Moldovan Brands Runway: Aufstrebende Talente, lokale Narrative und europäische Ausrichtung
Bei Temperaturen um die zehn Grad Celsius war der Herbstanfang in Chișinău, der Hauptstadt der Republik Moldau, deutlich spürbar. Vom ersten bis vierten Oktober fand hier die sechste Ausgabe der Moldovan Brands Runway statt. Die Veranstaltung wurde nur wenige Tage nach den Wahlen abgehalten, die die pro-europäische Ausrichtung des Landes bestätigten. Sie spiegelte das Streben Moldaus nach europäischer Integration wider und positionierte Mode als greifbaren Ausdruck dieses Wandels.
Während das Land im Beitrittsprozess zur Europäischen Union voranschreitet, will es sich als aufstrebendes Zentrum für Investitionen und Kreativität in Osteuropa etablieren. Unterstützt durch 47 Freihandelsabkommen und seine wachsende Rolle als Korridor zur Ukraine, will sich Moldau auch als Nährboden für unabhängige Mode positionieren. Neue ästhetische Narrative sollen hier außerhalb der traditionellen Kreisläufe entstehen.
Inmitten von Betonalleen aus der Sowjetzeit und neoklassizistischen Gebäuden, die der Zeit trotzen, erkunden lokale Designer:innen, Künstler:innen und Unternehmer:innen ihre kulturelle Identität aus einer zeitgenössischen Perspektive.
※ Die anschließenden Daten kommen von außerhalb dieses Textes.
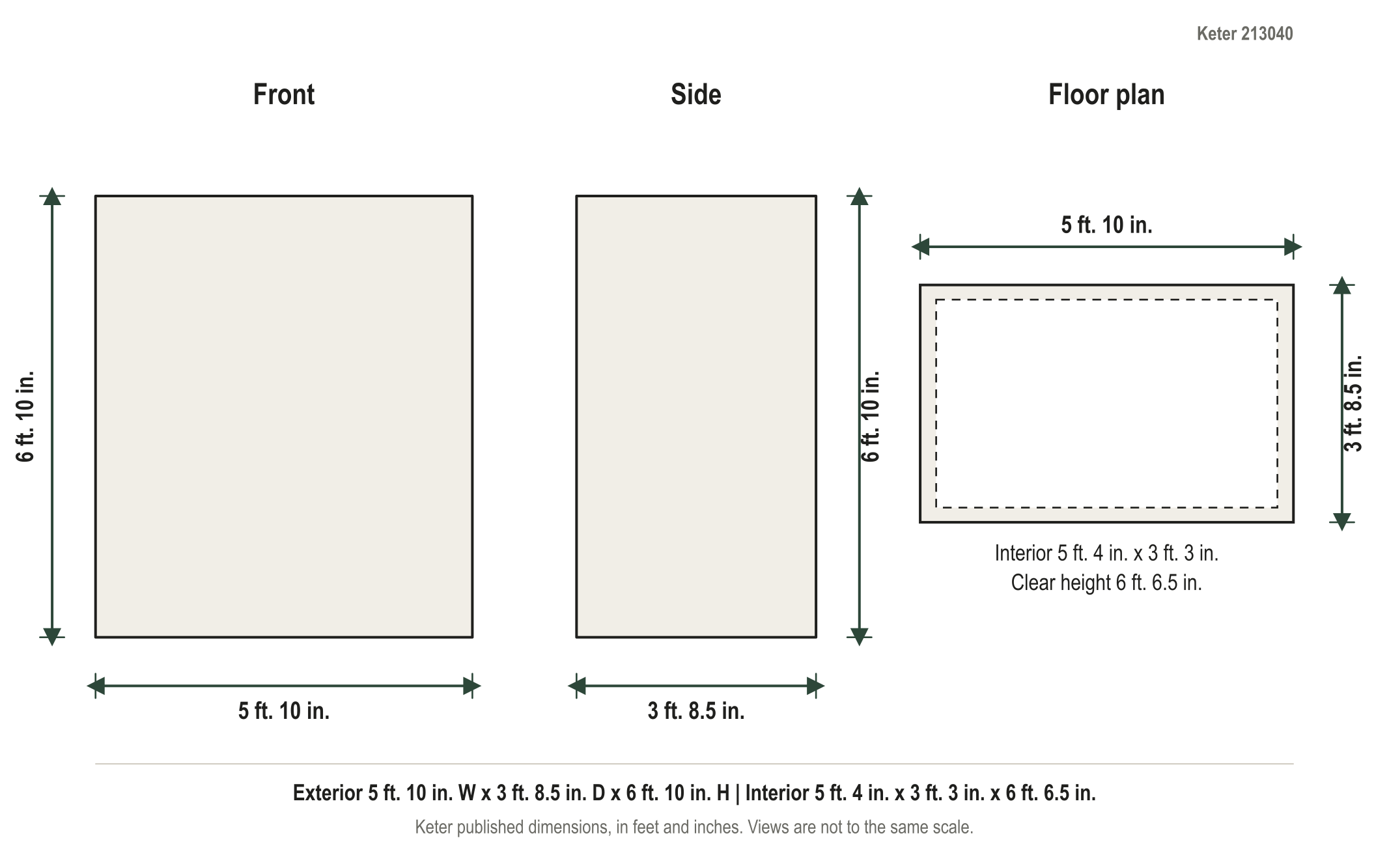 Dimension diagram: Keter Factor 6 ft. x 3 ft. Resin Outdoor Storage Shed, 5 ft. 10 in. wide by 3 ft. 8.5 in. deep by 6 ft. 10 in. tall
Concept Stores wie Dofamin, Marken wie Ok Kino und kreative Designprojekte wie God Era und Sannat sind heute ein Beweis für die Dynamik einer regionalen Szene, die inmitten von politischem Wandel und sozialen Veränderungen aufblüht.
Brücke zwischen Moldau und der internationalen Modewelt
In einer der Straßen im Zentrum von Chișinău befindet sich Dofamin, ein Concept Store, dessen Schaufenster es leicht mit denen von Läden in großen Modehauptstädten aufnehmen könnten. Seine Gründerin, Evghenia Gruzdeva, hat ein strategisches Konzept entwickelt, das etablierte Marken wie Mugler oder die spanischen Marken Alohas und Camperlab mit unabhängigen osteuropäischen Designer:innen kombiniert. Dazu gehören die moldauische Marke OK Kino und die ukrainische Marke Litkovska. In der kommenden Saison werden weitere große Namen wie Coperni, Maison Margiela und Dries Van Noten das Sortiment ergänzen.
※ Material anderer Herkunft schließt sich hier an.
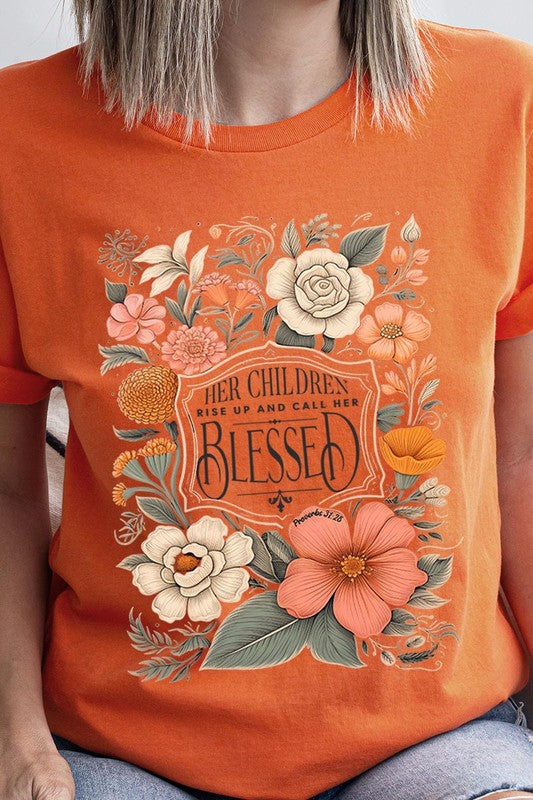 Blessed Floral Graphic T Shirts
„Als wir eröffneten, hatte ich keine Ahnung, wie schwierig es sein würde, ein solches Projekt in Moldau zu entwickeln“, sagte die Gründerin gegenüber FashionUnited. „Es gab weder einen Markt für unabhängige Designer:innen noch Modemagazine, die bereit waren, sie zu unterstützen oder zu fördern.“
Trotzdem hat sich Dofamin seit seiner Gründung 2023 dafür entschieden, mit Marken nach einem exklusiven Vertretungsmodell im Land zu arbeiten. „Bei der Eröffnung hatten wir nur sieben Namen auf unserer Liste. Was uns sicherlich geholfen hat, war, von Anfang an einen physischen Raum und ein klar definiertes Konzept zu haben.“
Heute hat sich der Laden als lokale Referenz und als Brücke zwischen Moldau und der internationalen Modewelt etabliert. Seine Kundschaft ist vielfältig und kosmopolitisch. Obwohl diese eine Minderheit in einem Land darstellt, in dem das durchschnittliche Monatsgehalt bei rund 650 Euro liegt, spiegelt sie das wachsende Interesse an Mode wider. Dieses Interesse zeigt sich auch im Streetstyle der Besucher:innen der Moldovan Brands Runway.
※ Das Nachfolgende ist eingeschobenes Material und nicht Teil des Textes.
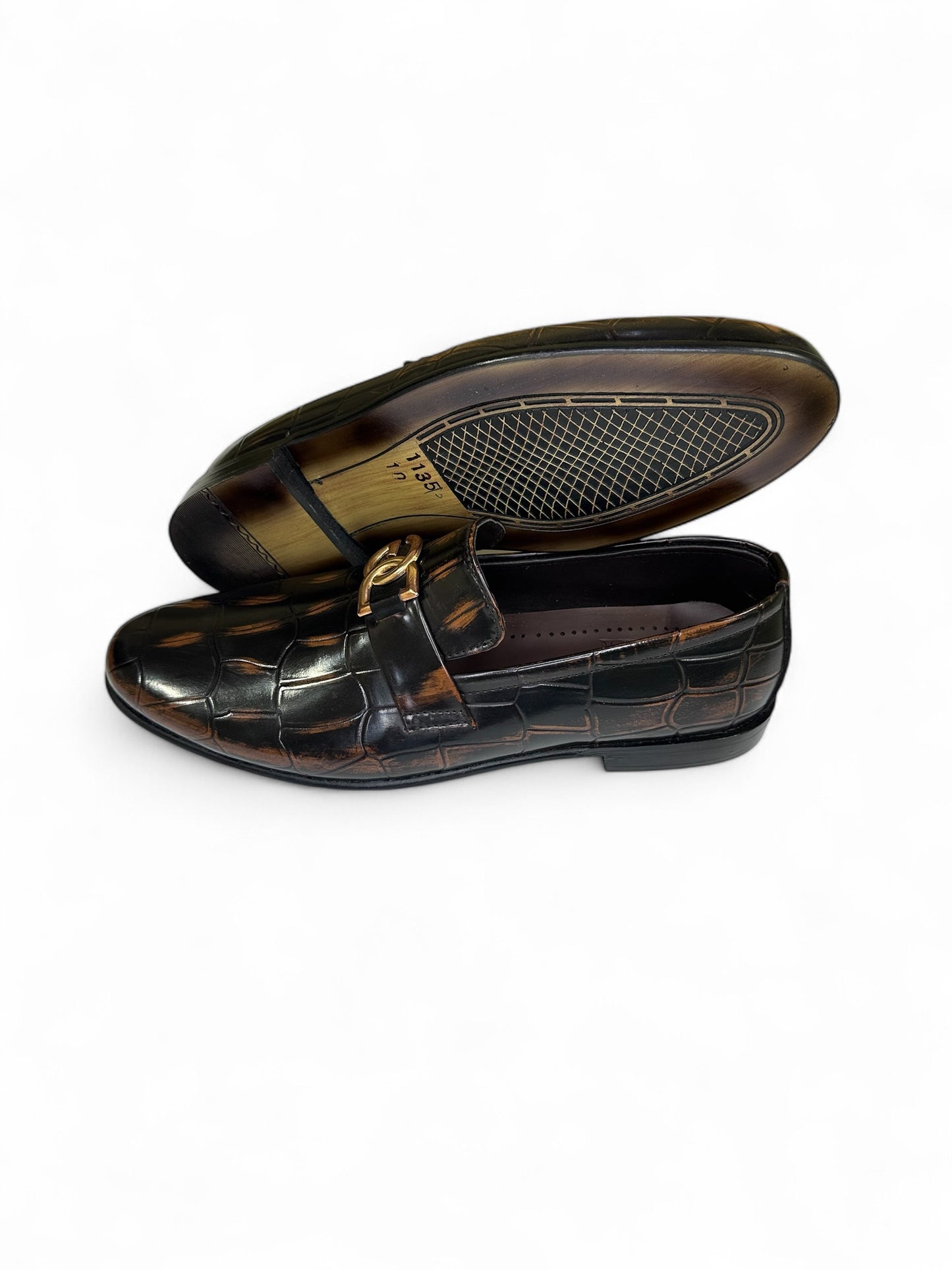 Premium Crocodile-Textured Formal Shoes with Gold Emblem | Fraash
Im Rahmen der Veranstaltung präsentierte das Dofamin-Team auch „Patru“ („vier“ auf Moldauisch), das vierte Designprojekt, das unter seinem kreativen Dach entstanden ist. Es handelt sich um eine Marke, die vollständig auf dem Konzept der Wiederverwendung von Stücken aus dem Archiv des Ladens und alten Haushaltstextilien aufbaut, denen Gruzdeva und ihr Team ein zweites Leben geben.
Das Universum von Ok Kino
Darya Golneva und Denis Caunov gründeten ihr Label Ok Kino 2023 und empfingen uns in ihrem Atelier. Sie präsentierten ihre neue Kollektion in einer intimen Veranstaltung, die die Essenz der Marke und die Persönlichkeit ihrer Schöpfer:innen genau einfing.
Das ästhetische Konzept des Labels bewegt sich im Bereich des architektonischen Minimalismus, mit einem konzeptionellen und skulpturalen Ansatz zum Volumen. Die Kleidungsstücke mit klaren Linien und strukturierten Schnitten erkunden die Disproportion und die Bewegung des Stoffes. So entstehen Silhouetten, die die konventionelle Funktionalität herausfordern.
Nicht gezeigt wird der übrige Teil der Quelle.